=== Data shown ===

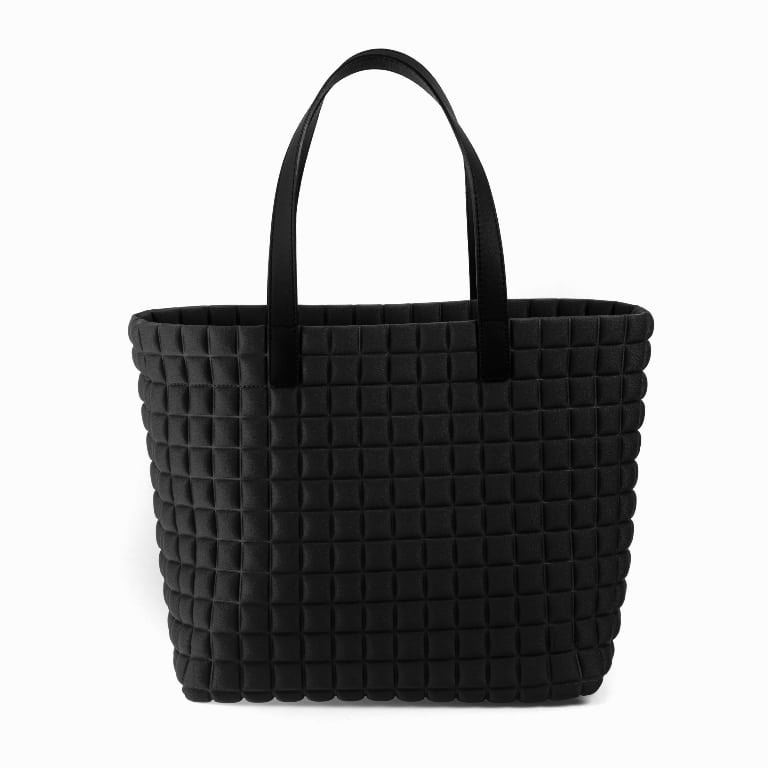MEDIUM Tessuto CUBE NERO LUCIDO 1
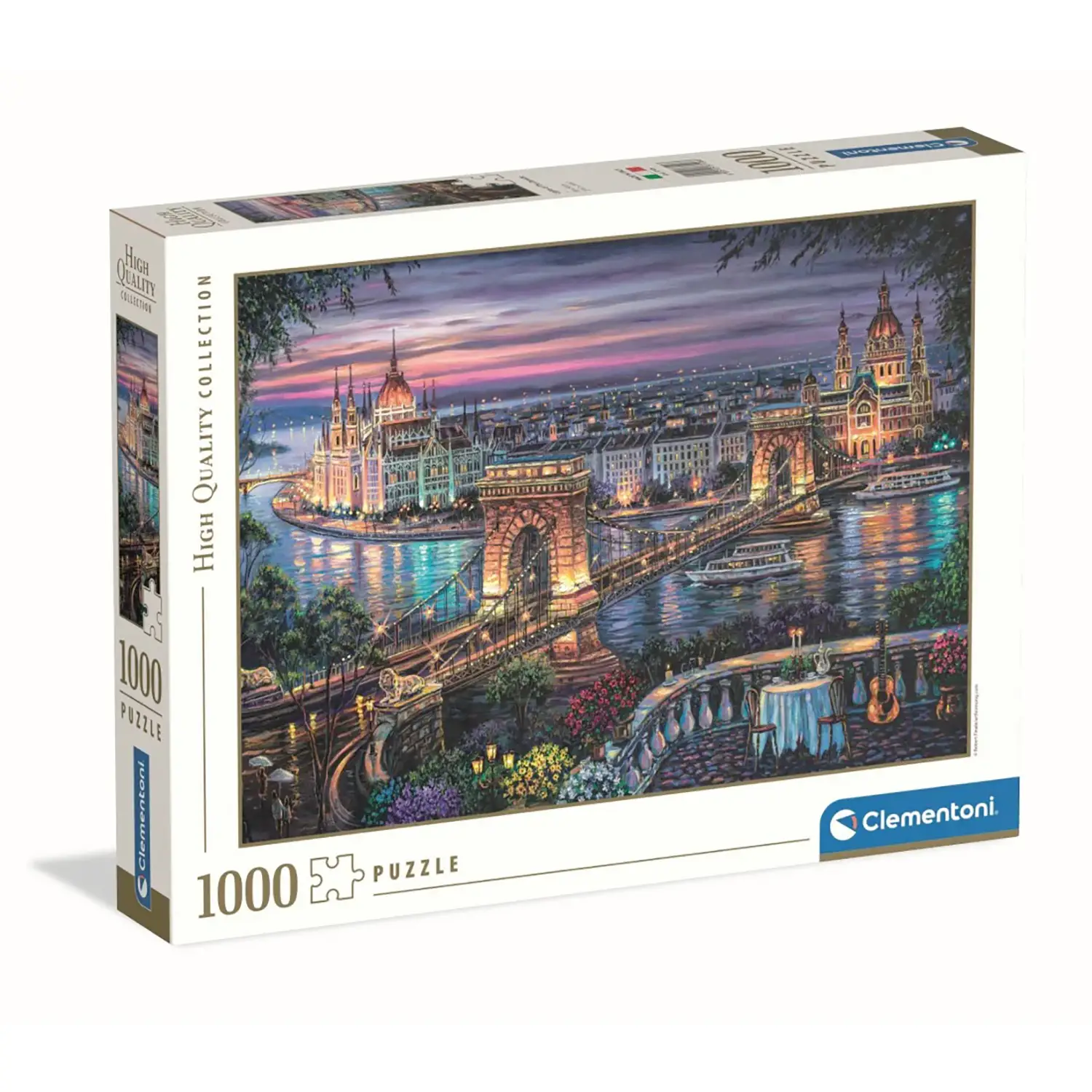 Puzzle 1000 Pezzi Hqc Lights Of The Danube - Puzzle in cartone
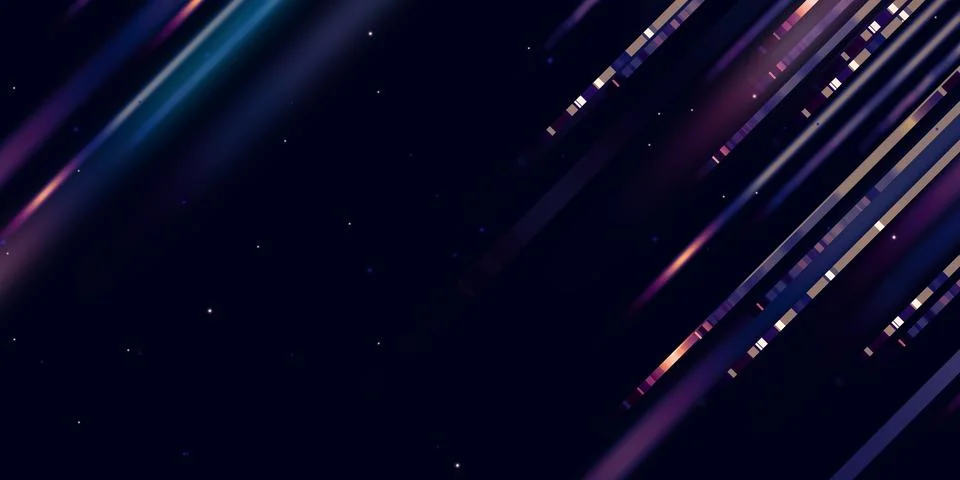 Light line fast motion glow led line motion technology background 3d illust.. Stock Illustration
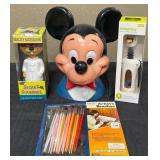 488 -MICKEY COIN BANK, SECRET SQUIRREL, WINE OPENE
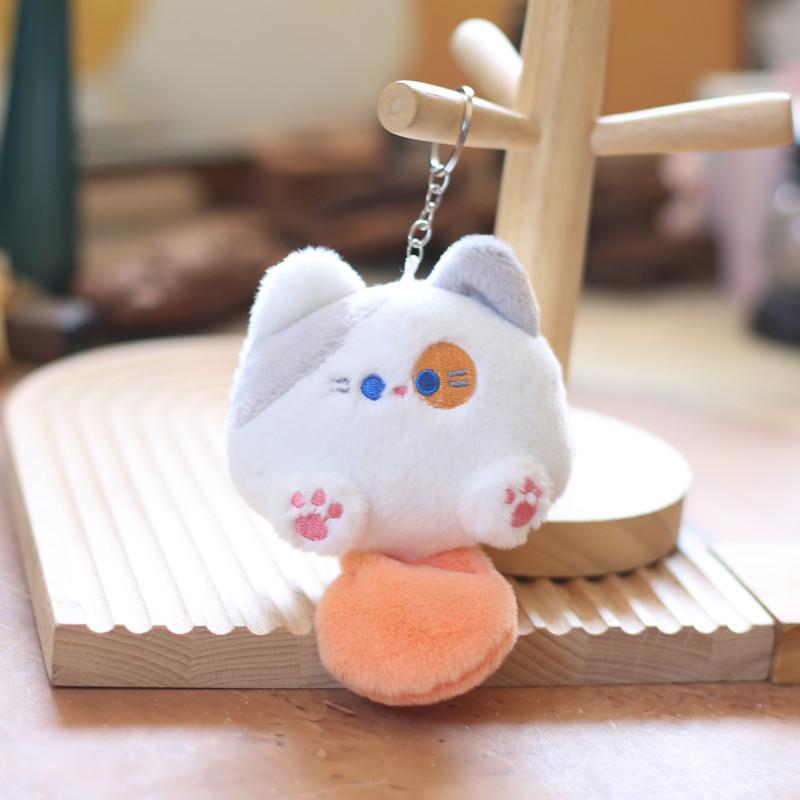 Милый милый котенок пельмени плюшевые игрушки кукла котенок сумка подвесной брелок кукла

===

• Work task: The material above is to be transcribed exactly, with all pictures omitted.

• Your response:
MEDIUM Tessuto CUBE NERO LUCIDO 1
 Puzzle 1000 Pezzi Hqc Lights Of The Danube - Puzzle in cartone
 Light line fast motion glow led line motion technology background 3d illust.. Stock Illustration
 488 -MICKEY COIN BANK, SECRET SQUIRREL, WINE OPENE
 Милый милый котенок пельмени плюшевые игрушки кукла котенок сумка подвесной брелок кукла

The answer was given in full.